Australia’s bushfire seasons are lasting longer and getting more severe. More Australians are living in rural-urban fringe areas and Australia’s climate has changed with increasing temperatures (CSIRO & Bureau of Meteorology 2018). These circumstances present challenges for the emergency services sector, which includes multiple organisations (each with several organisational strata) operating in a high stress, high-consequence environment. The emergency services sector needs to be continually improving, which requires effective lessons learnt processes to prevent, prepare, respond to and recover from bushfires.

External inquiries are conducted after significant disasters, especially bushfires (Dufty 2013; Owen et al. 2018). According to Eburn and Dovers (2015, p.501) ‘between 1939 and 2010 Royal Commissions and other inquiries have produced 953 recommendations as lessons to reduce the risk of bushfire’. Such reviews are conducted by experts, have clear terms of reference and state the methodology, which includes consultation with experts and/or affected community members. For example, both the Margaret River bushfire review (Keelty 2012) and the Bega Valley Fires Independent Review (Keelty 2018) were authored by Michael Joseph Keelty AO APM, a former Commissioner of the Australian Federal Police. Other reviews, such as the review into the 2009 Victorian bushfires (Teague, McLeod & Pascoe 2010), are conducted as royal commissions, which carries significant weight (Australian Law Reform Commission 2010).

Nevertheless, questions arise regarding whether the recommendations identified in reviews are actually converted to lessons, or even learnt by the emergency services sector and the Australian community (Dufty 2013, Owen et al. 2018) and integrated into capability. Reasons for such criticism include limited follow-up after the event and whether lessons can be transferred between events (Eburn & Dovers 2015). There is also no existing standard for conducting external reviews (Cole et al. 2018, Dufty 2013, Owen et al. 2018) and variances exist in codifying and communicating lessons learnt.

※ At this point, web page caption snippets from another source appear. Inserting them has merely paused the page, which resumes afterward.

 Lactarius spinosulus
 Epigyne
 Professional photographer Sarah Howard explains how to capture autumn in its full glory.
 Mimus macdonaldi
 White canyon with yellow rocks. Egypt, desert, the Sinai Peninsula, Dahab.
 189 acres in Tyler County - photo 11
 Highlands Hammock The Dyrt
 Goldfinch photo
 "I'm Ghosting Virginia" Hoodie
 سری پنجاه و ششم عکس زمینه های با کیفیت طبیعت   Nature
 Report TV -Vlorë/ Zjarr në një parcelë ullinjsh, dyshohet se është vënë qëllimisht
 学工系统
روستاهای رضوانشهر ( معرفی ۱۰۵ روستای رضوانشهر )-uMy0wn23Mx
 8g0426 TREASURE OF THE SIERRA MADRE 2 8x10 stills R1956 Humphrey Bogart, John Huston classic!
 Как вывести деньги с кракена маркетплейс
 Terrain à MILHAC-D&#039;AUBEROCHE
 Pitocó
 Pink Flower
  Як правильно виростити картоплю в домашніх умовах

Noting the literature limitations, this study considered the research question: ‘Do the lessons identified in prior significant incidents support the proposition that lessons are learnt at different stratum of the organisation?’

Learning in the emergency services sector

There is an extensive body of knowledge about emergency services, emergency management and disaster management (Howes et al. 2015; Owen et al. 2018; Whitmer, LaGoy & Sims 2018; Glassey 2015). This literature covers the 4 stages of the emergency management cycle being prevention, preparedness, response and recovery. There is a significant emphasis on future risk factors such as the effects of climate change (McAneney, Chen & Pitman 2009; McCaw 2013; Winkworth et al. 2009). A subset of the literature focuses on significant Australian bushfires, especially the 1983 Ash Wednesday bushfires and the 2009 Victorian bushfires (Cameron et al. 2009, Leonard & Howitt 2010, Valent 1984).

How organisations learn

Organisations adapt and learn and this results in tangible and intangible benefits (Deverell 2009 Duffield & Whitty 2015, Rowe & Sikes 2006). However, the structure of an organisation can affect its ability to learn (Aubry & Lavoie-Tremblay 2018). This supports the work of Garvin, Edmondson and Gino (2008), who argue that concrete learning processes and leadership that reinforces learning are important factors in establishing a learning organisation. This is particularly relevant for emergency services organisations that are ‘traditionally hierarchical in nature and tend to value their own command and control arrangements’ (Owen et al. 2018, p.716). For example, Boin and t'Hart (2010) argue that there are different challenges at the operational and strategic level in emergency services organisations.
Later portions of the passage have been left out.